Organized by the International Organization for Migration (IOM), the 9th European Migration Network (EMN) Educational Seminar on Migration, “Protection of Migrants in Vulnerable Situations” takes place al Hotel Devín in Bratislava, on July 3rd-5th. It encompasses topics such as migrants and their vulnerabilities; power of the passport; phenomenon of migrant caravans; modern slavery and the law. On July 3rd, the conference focused on the “Vulnerabilities, rights, and protection of migrants”. Katarína Kubovicová, Coordinator of EMN Slovakia and Ján Orlovsky, Director of Migration Office to Slovakia, introduced the conference’s first day. Valon Halimi, Chief of Mission (IOM), highlighted the challenges of migration worldwide. The world is struggling with economics and climate change and managing migration must be addressed accordingly.
Federico Soda, Director of the Department of Operations and Emergencies (UN), illustrated the vulnerabilities of migrants and refugees today. He explored four trends: 1) Scale and multiplication of drivers of movement. 2) Evolution of the nature of migration and displacement. 3) Digital revolution and its impact on migration and displacement. 4) Migration policies and attitudes toward displaced persons. No country is unaffected by movements of people, and the global humanitarian system is overstretched, Soda affirmed. A holistic approach to deal with the migrants’ crisis must be identified: invest on anticipatory actions and forecasting; steep up legal and complementary pathways; share research and good practice. Challenges and needs across the migration cycle was the issue approached by Nassim Majidi, Founder & Executive Director of Research, and Policy, Migration and Displacement Pillar Lead, Samuel Hall.
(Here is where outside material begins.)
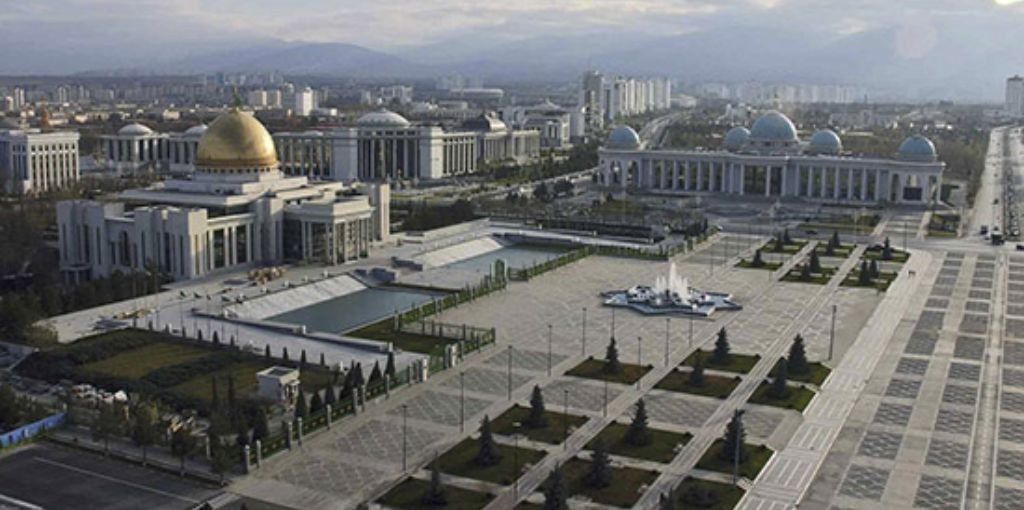 Flydubai Airlines Ashgabat office in Turkmenistan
Migration is a determination on health, but many national healthcare system do not take care of the migrants. Majidi highlighted four key finding on her research on the topic: 1) Returning to an unsupportive environment is detrimental to returnees’ mental and physical health. 2) Economic reintegration is often prioritized over unmet health needs creating negative feedback loops. 3) Countries’ health system and universal health coverage influence returnees’ health and reintegration outcomes. 4) Returnees often experience continuity of care issues and a drop in quality of care post-return. Concerning recommendation, to Majidi it is necessary to: 1) Build continuum of care for migrants. 2) Fund gender specific initiatives on reintegration and health. 3) Strengthen transitional information sharing and safeguarding. 4) Integrate reintegration and health programs.
Gender and movements of people was explored by Melissa Siegel, Professor at Maastricht University, who focused on feminization of migration. This expression refers to a qualitatively different form of migration that can be observed among women. That is, more women are now migrating independently in search of jobs, rather as “family dependents” travelling with their husbands or joining them abroad through family reunification. Regional differences are important, showing great regional variation in gender composition. Northern and Southern America, as well as Western Europe host the same amount of men migrating, while in Arabs State are not attractive for women migrating today. Women have a higher risk of gender-based violence, including trafficking for sexual exploitation and forced marriage.
Siegel reports on the positive effects of migration on women: 1) Migration can improve autonomy, human capital, and self-esteem. 2) It might change traditional norms as women gain access to education and economic opportunities. 3) The introduction to more equitable social norms can also improve women’s rights and access to resources. 4) When migrant women return home, they maintain their newfound autonomy and bring new norms and skills. Concerning negative effects: 1) Migration may also exacerbate vulnerabilities, including abuse and trafficking. 2) Sometimes returning migrants must revert to traditional norms and gender roles. 3) Migration can also be a strain on families, with potentially detrimental effects on children. 4) When high-skilled migrants leave the results can be negative for the communities of origin.